I was thinking about how this blog is supposed to be themes that relate books to life and how there are gaping holes in what I’ve covered so far.  This week I attempt to redress the balance by picking something that is a huge part of most people’s lives: music.  However, as the title quote shows, I may be digging myself the most enormous hole here, as trying to capture an aural experience through words is nigh on impossible.  Let’s take a breath and have some music so if nothing else this post does make some sort of melodic offering.  One of my favourite bands, and one of my mother’s favourite songs, Frogs Legs and Dragon’s Teeth by Bellowhead:

That was for you Maman!  Right, back to books, and two brave writers who’ve made music a big part of their novels.

Firstly The Courage Consort by Michel Faber (Canongate, 2002).  I’m fan of Michel Faber’s writing – I love his sparse style and unpredictability.  Anything can happen his books, there’s no “typical Faber”.  The Courage Consort is a novella (121 pages in my edition) told from the point of view of Catherine, one of five members of the titular a capella group headed by her husband, Roger.  Catherine is emotionally fragile (we are introduced to her trying to decide whether to jump out of the window) and her husband seemingly oblivious to her pain.  They join three others to rehearse an insanely complex piece called Partitum Mutante in an eighteenth-century chateau in Belgium.  The composer arrives briefly to assist them, a madman who attacked his ex with a stiletto in an airport and tells them to make their singing “more extreme, but more soft also…quiet but loud”.  Working on this seemingly doomed project, the disparate personalities that make up “the seventh most-renowned serious vocal ensemble in the world” start to come into conflict, but not in an entirely predictable way.

Faber creates a believably comic situation and the characters are generally well-observed, if bordering on national stereotypes at times.  The character of Catherine is sympathetic and Faber shows how music carries over into her musings about life in general:

“Other people might think it was terribly exciting when two females singing in thirds made the airwaves buzz weirdly, but Catherine was finding that her nerves were no longer up to it.  Even the way a sustained A flat tended to make an auditorium’s air-conditioning hum gave her the creeps lately.  It was as if her face was being rubbed in the fact that music was all soundwaves and atoms when you stripped the Baroque wrapping-paper off it.   But too much sonic nakedness wasn’t good for the spirit.  At least that was what she was finding lately, since she’d started coming…adrift.”
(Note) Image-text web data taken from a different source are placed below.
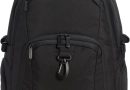 Amazon Basics Sac à dos de voyage pour ordinateur portable 17&Prime;, Noir – Le détail qui change tout au quotidien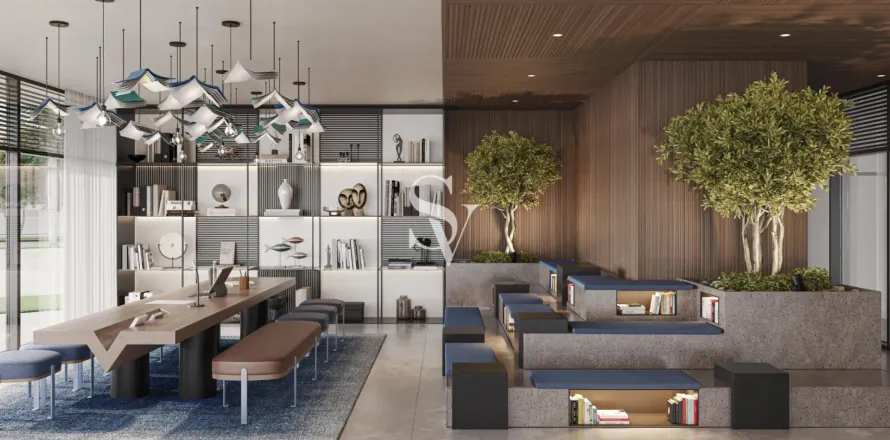 Apartamento en Falcon City of Wonders, Dubai, 2 dormitorios, 109 m², № 68340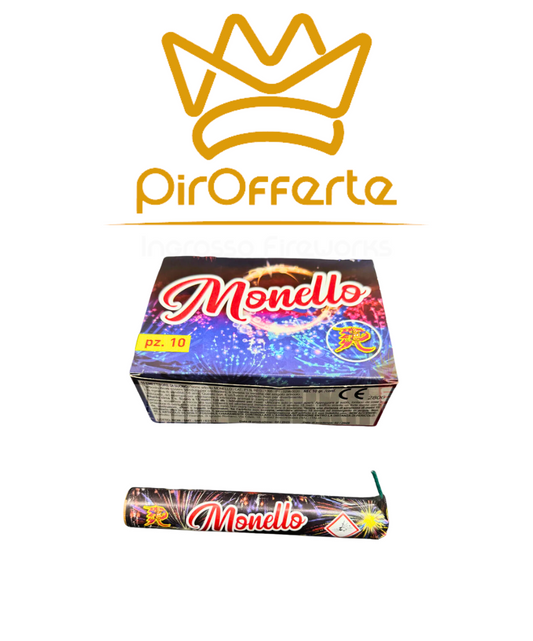Petardo MONELLO 10 Pz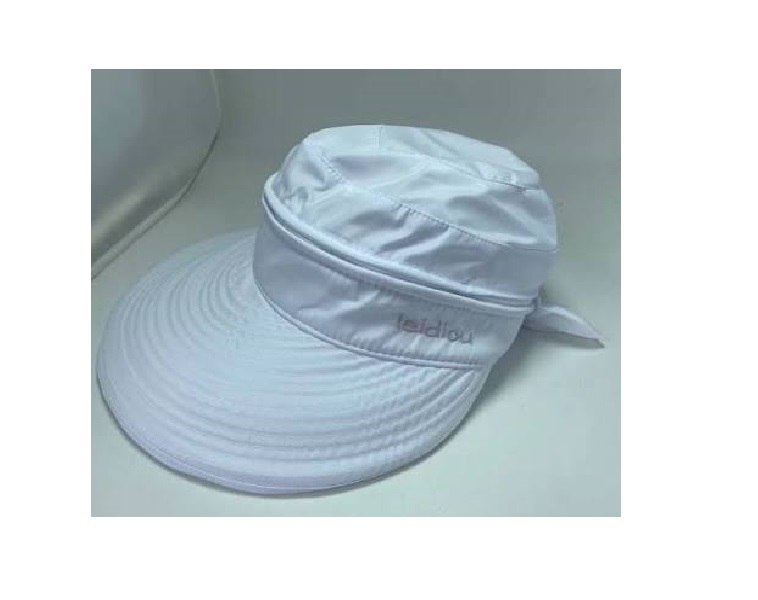 Ladies Summer Hat - Silver Green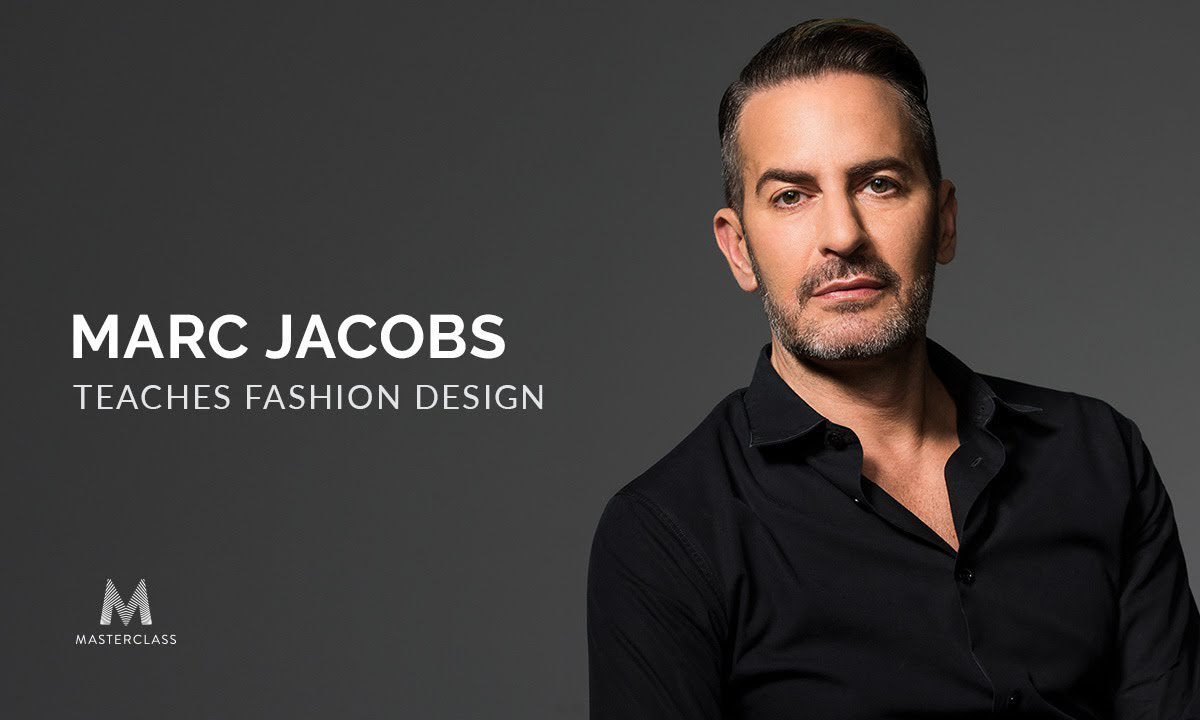 只要 90 美元，你就能直接向 Marc Jacobs “取经”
But things are not necessarily what they seem: Catherine hears screaming in the night and is told a ghost story about the forest that surrounds them.  No-one else hears it, and Catherine goes on to have an experience in the forest which is not told to the reader.  This lack of explication stops The Courage Consort being a straightforwardly comic novel, as an eeriness creeps around the house and its inhabitants.  Things do not go as planned, but ultimately the group comes to fully comprehend just how healing the experience of music can be.
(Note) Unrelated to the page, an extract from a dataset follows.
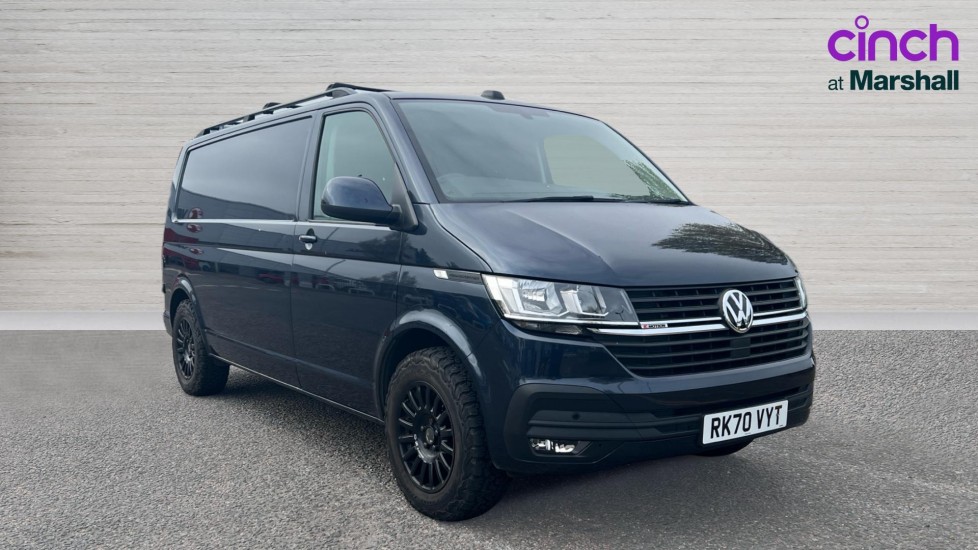 Main listing image - Volkswagen Transporter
Secondly, Grace Notes by Bernard MacLaverty (Vintage, 1997).  Grace Notes tells the story of another Catherine, this one a composer struggling to manage her art alongside the demands of her life.  These demands include a new baby and ensuing post-natal depression, her father’s death, and conflict with her mother.  Musicality comes naturally to her, and she has an innate understanding form an early age:

“One day, when she was only three or four, she’d slipped away from the kitchen as her mother baked and listened to the radio.  On this particular day the piano lid was open.  Catherine had reached up above her head and pressed the keys as softly as she could.  No sound came from them.  She had to press harder to make the sound come.  It frightened her when it did.  Dar, deep , thundery.  The booming faded away and the noise of the birds outside came back.  She tried further up the piano where the notes were nicer, not so frightening.  She pressed a single note, again and again.  It wasn’t the note which made her feel funny – it was the sound it made as it faded away.  The afterwards.  It made her feel lonely. “

This idea, later defined as “the notes between the notes” – grace notes – is the novel’s theme and main image: what happens in the spaces between events, what is left unsaid, what is defined and what is undefinable.    Catherine gradually comes to terms with her life throughout the course of the novel and moves onwards, creating a new symphony, but the grace notes continue: “it began with a wisp of music, barely there – a whispered five-note phrase on the violins and she was right back on that beach with her baby. […] Like the artist’s hand which moves to begin a drawing but makes no mark”.  Having described Catherine’s life in an interwoven way – memories that come to her interspersed with descriptions of her life in the present – MacLaverty describes her music similiarly, the literal description of the action of instruments interwoven with the images that have inspired Catherine as she writes the symphony.  It’s a highly effective method, and probably the nearest I’ve read to a representation of sound, and the feeling it evokes, written down.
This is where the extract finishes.